## WHAT IS REQUIRED
Of all the lines below, return only those starting with the line holding "Sobretudo feminino de" and going on through the line holding "Guc.ci slim quartz", exactly as written.

## INPUT DATA
━━━━━━━━━━━━━━━━━━━━━━━━━━━━━━

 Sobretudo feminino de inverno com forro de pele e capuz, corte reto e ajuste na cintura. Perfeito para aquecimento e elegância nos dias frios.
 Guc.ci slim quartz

━━━━━━━━━━━━━━━━━━━━━━━━━━━━━━

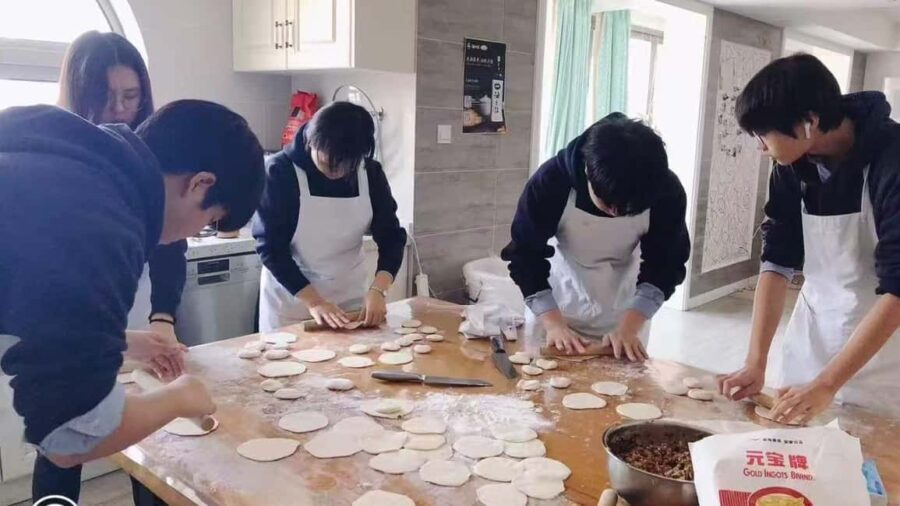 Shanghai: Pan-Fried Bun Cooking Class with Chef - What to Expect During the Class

━━━━━━━━━━━━━━━━━━━━━━━━━━━━━━

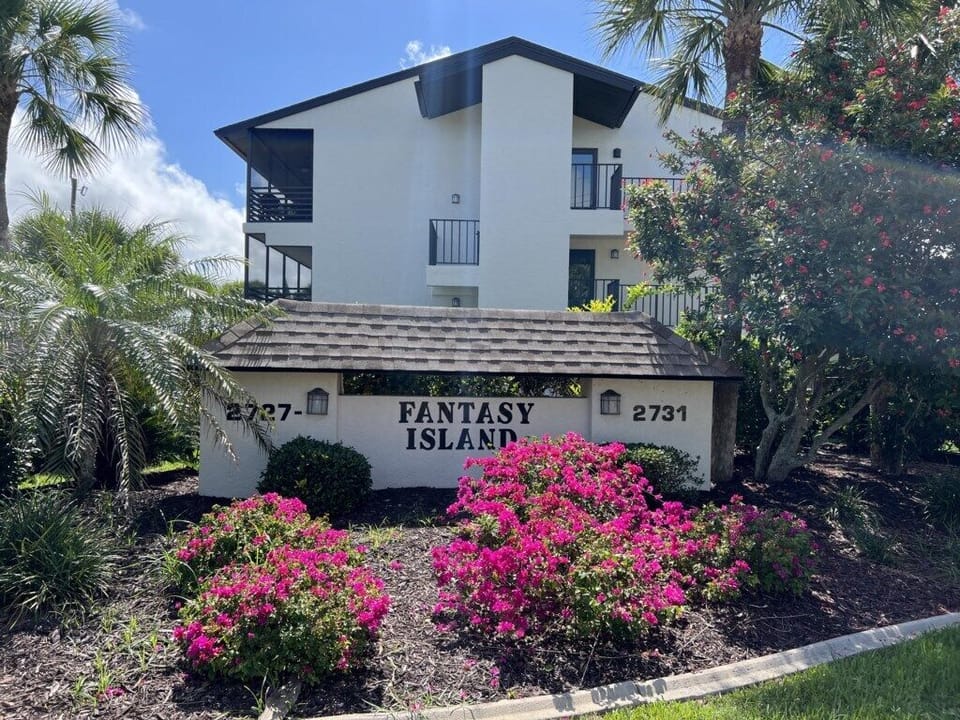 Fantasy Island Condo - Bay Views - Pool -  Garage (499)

━━━━━━━━━━━━━━━━━━━━━━━━━━━━━━

## RESULT OF THIS EXERCISE
 Sobretudo feminino de inverno com forro de pele e capuz, corte reto e ajuste na cintura. Perfeito para aquecimento e elegância nos dias frios.
 Guc.ci slim quartz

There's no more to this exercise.